(Data listing Opens)
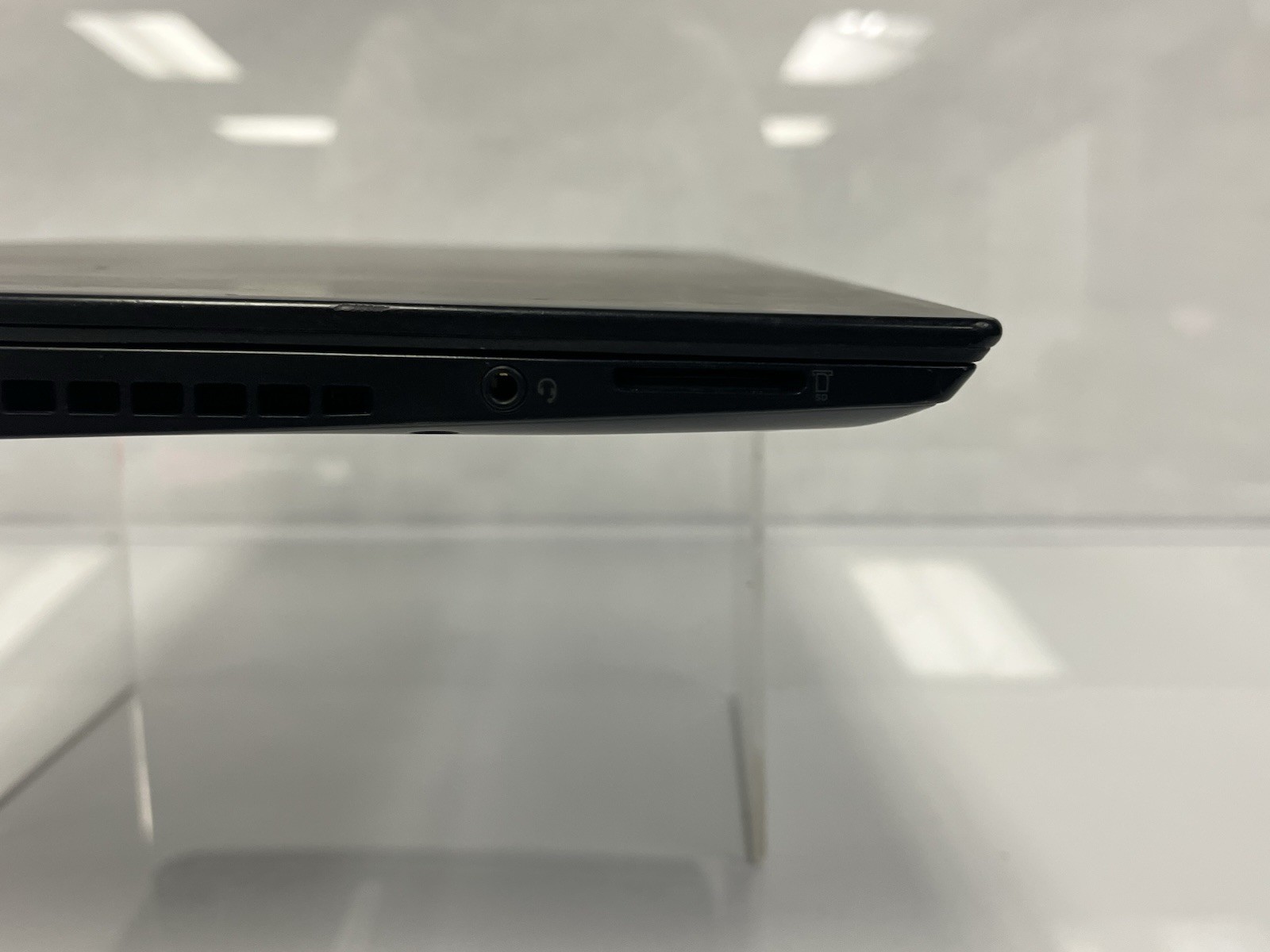 Lenovo ThinkPad T460s Core i5-6200U @ 2.30GHz 8GB RAM 256GB SSD #1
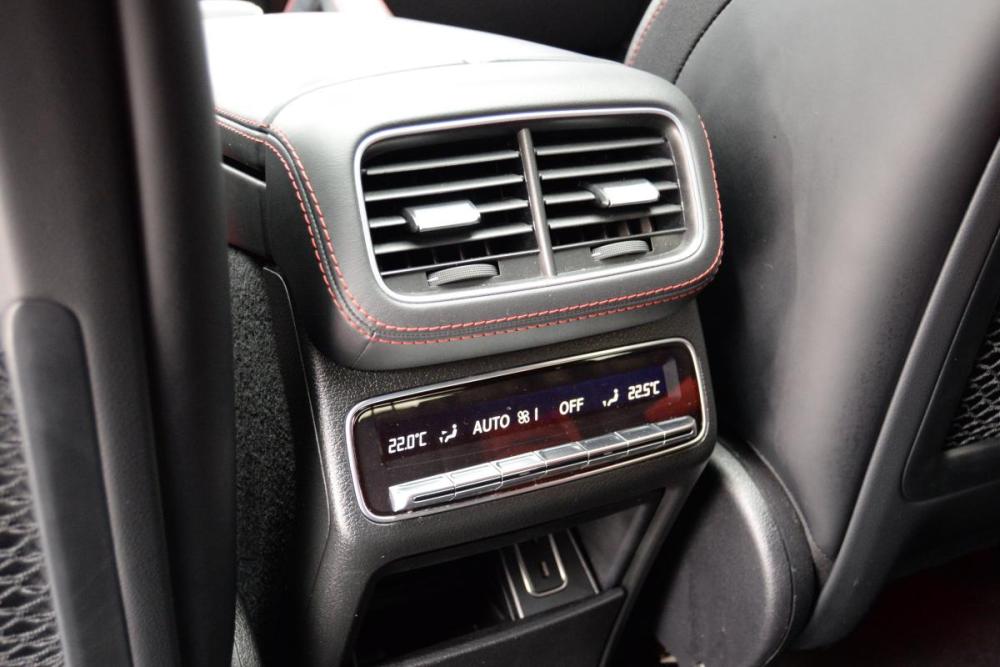 Mercedes-Benz GLE Coupe AMG II (C167) Иркутск  - изображение 29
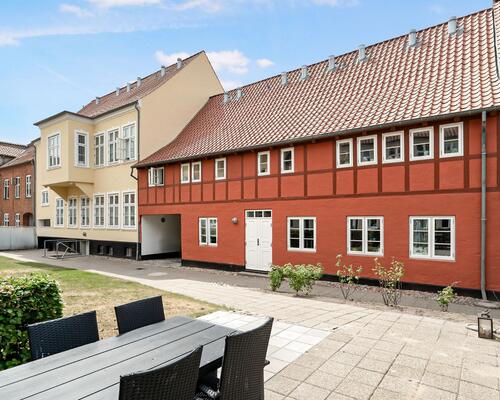 2 værelses lejlighed i Randers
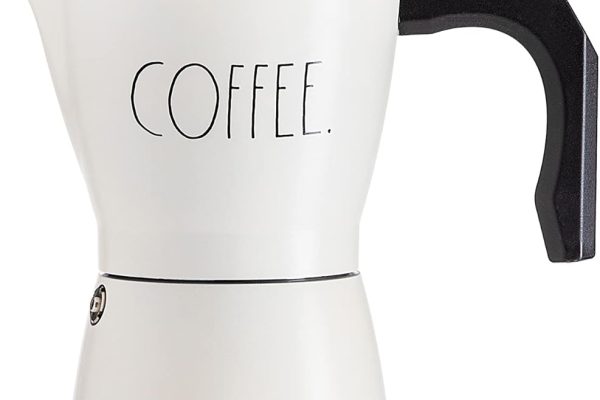 electric espresso maker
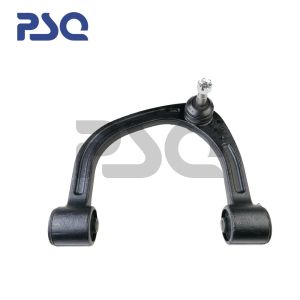 China X-2105L Automotive Control Arms For Isuzu JMC Yusheng 350 Front Left Upper Control Arm factory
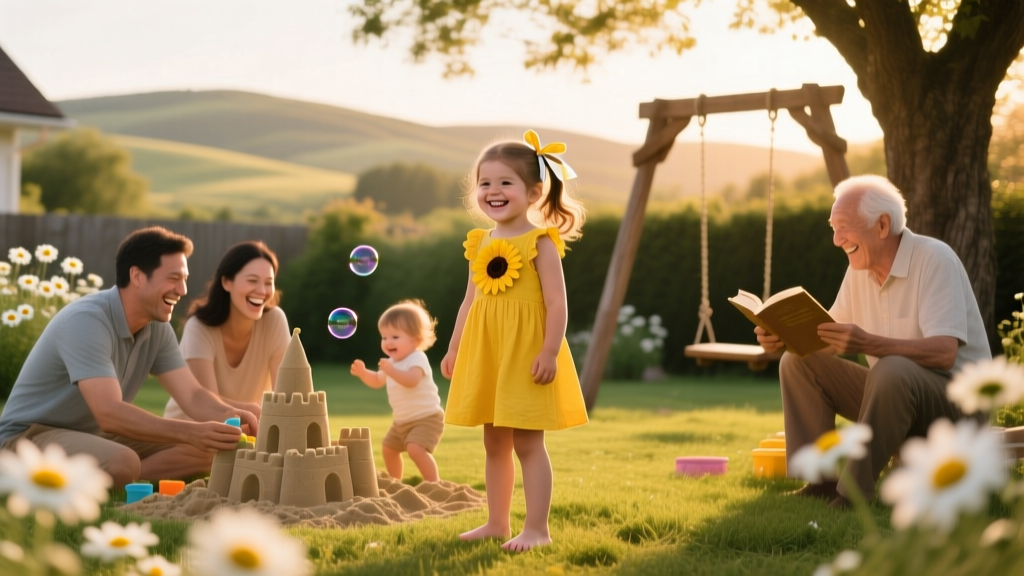 Narcisse: Understanding Narcissistic Traits in Parenting and Building Healthier Family Dynamics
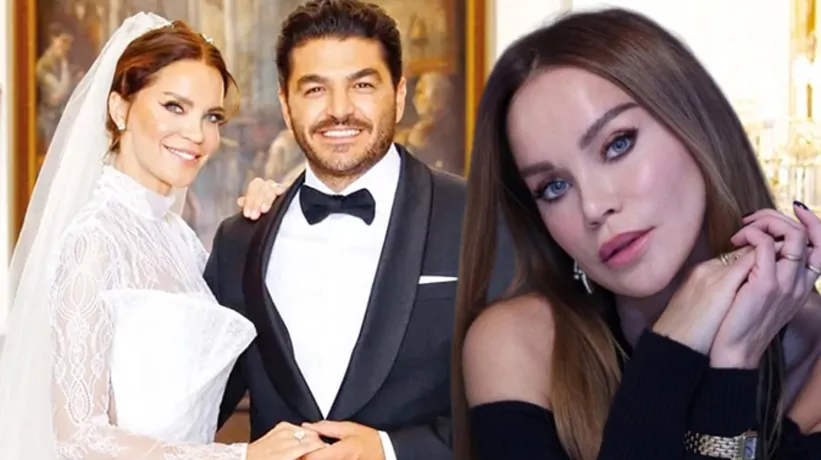 Ebru Şallı sessizliğini bozdu: "Yakın çevrem tehdit ediliyor"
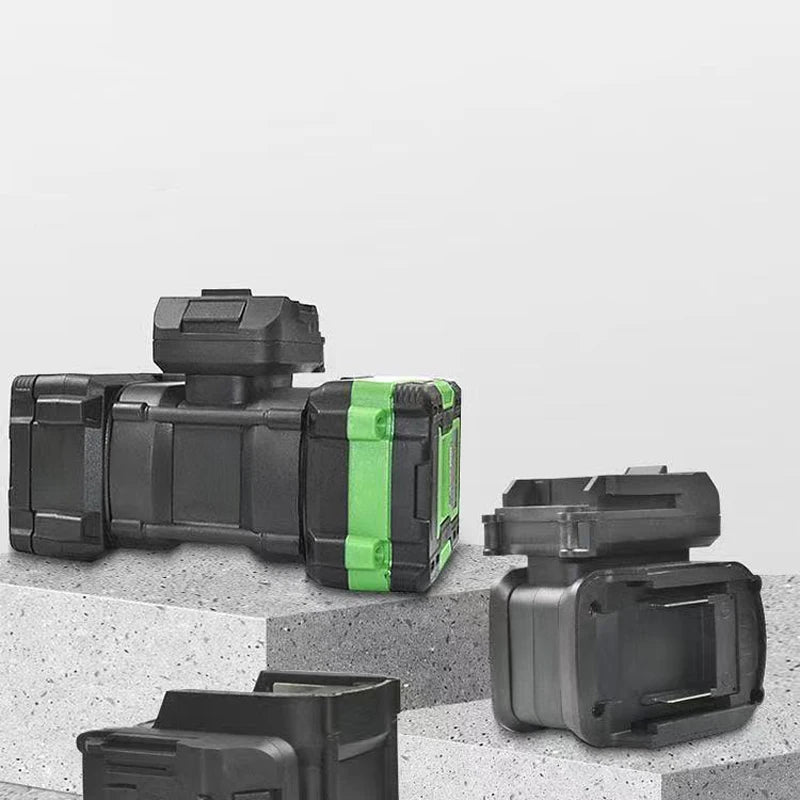 BL1830 Adapter Converter For Makita 18V Li-ion Battery Elect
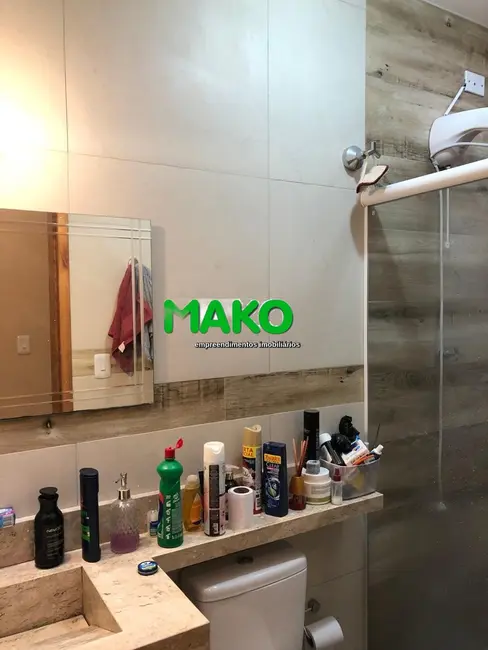 Foto 9 de Casa com 3 quartos à venda, 119m2 em Jardim Colombo, São Paulo - SP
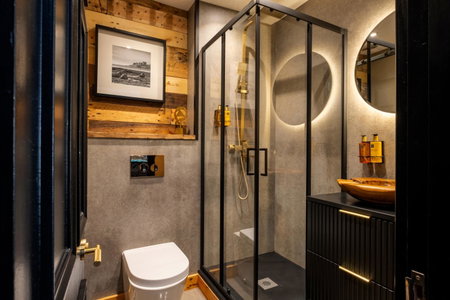 Derwent Manor Boutique Hotel, Consett, United Kingdom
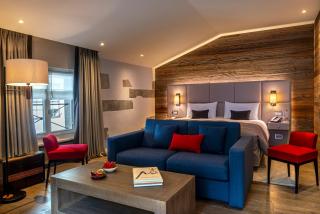 Hôtel Les Armures - Ginevra - 3
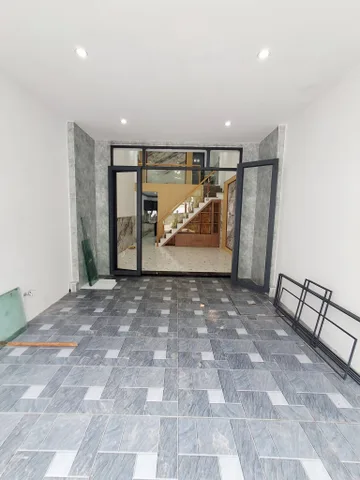 Bán Nhà riêng 56m² thổ cư 56m² giá 495 triệu tại Xã Xuân Thới Sơn Huyện Hóc Môn TP. Hồ Chí Minh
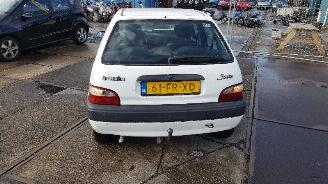 Citroën Saxo Saxo Hatchback 1.1i X,SX (TU1JP(HFX)) [44kW]  (05-1996/09-2003) picture 3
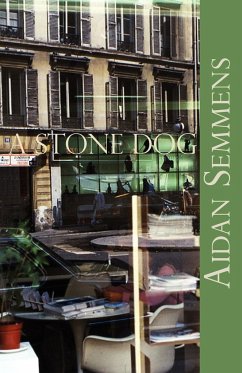 A Stone Dog - Semmens, Aidan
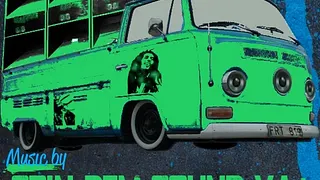 SPIN DEM SOUND YA!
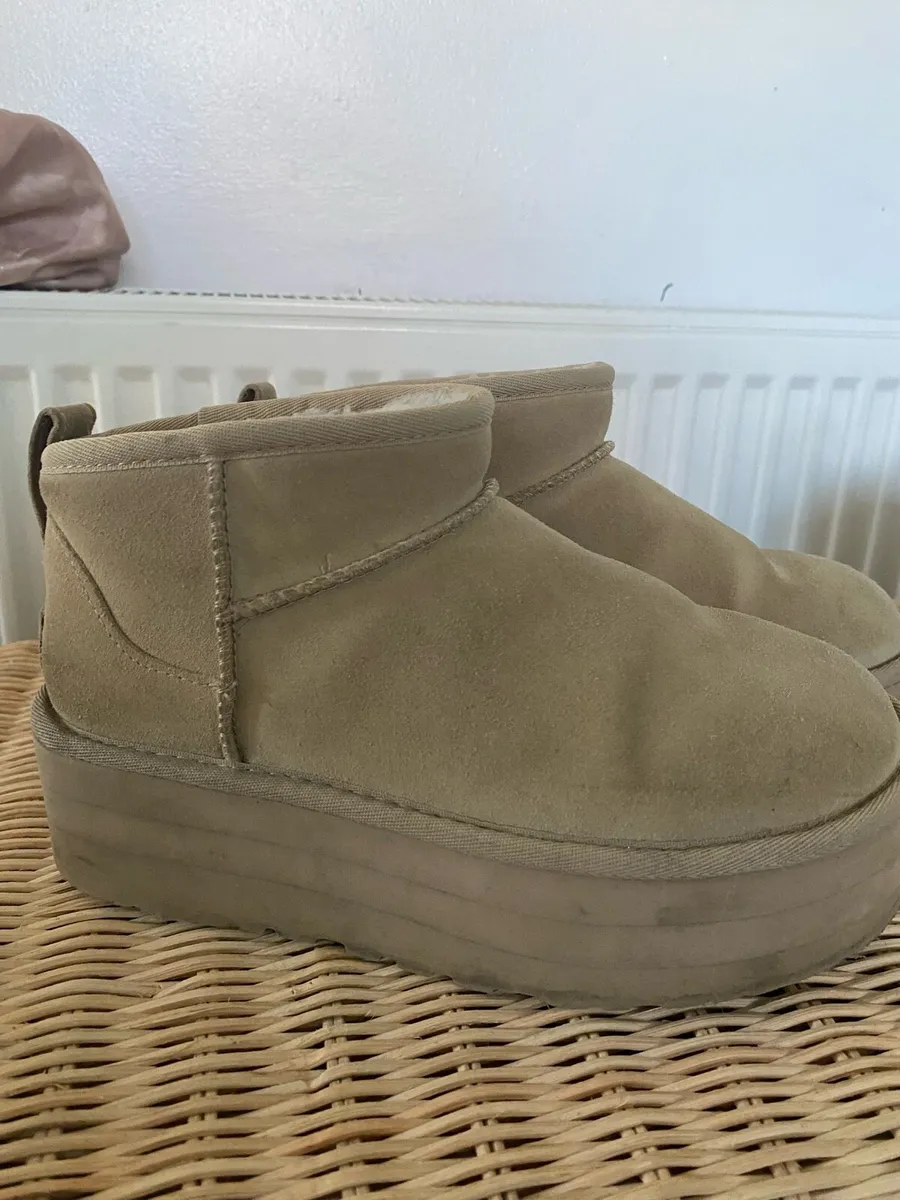 Uggs - Image 1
(Data listing Closes)
_About this exercise_
The lines to set down run from the line with "China X-2105L Automotive" up to and including the line with "Derwent Manor Boutique" in the entries above. Reproduce them exactly, with no pictures.

_The answer_
 China X-2105L Automotive Control Arms For Isuzu JMC Yusheng 350 Front Left Upper Control Arm factory
 Narcisse: Understanding Narcissistic Traits in Parenting and Building Healthier Family Dynamics
 Ebru Şallı sessizliğini bozdu: "Yakın çevrem tehdit ediliyor"
 BL1830 Adapter Converter For Makita 18V Li-ion Battery Elect
 Foto 9 de Casa com 3 quartos à venda, 119m2 em Jardim Colombo, São Paulo - SP
 Derwent Manor Boutique Hotel, Consett, United Kingdom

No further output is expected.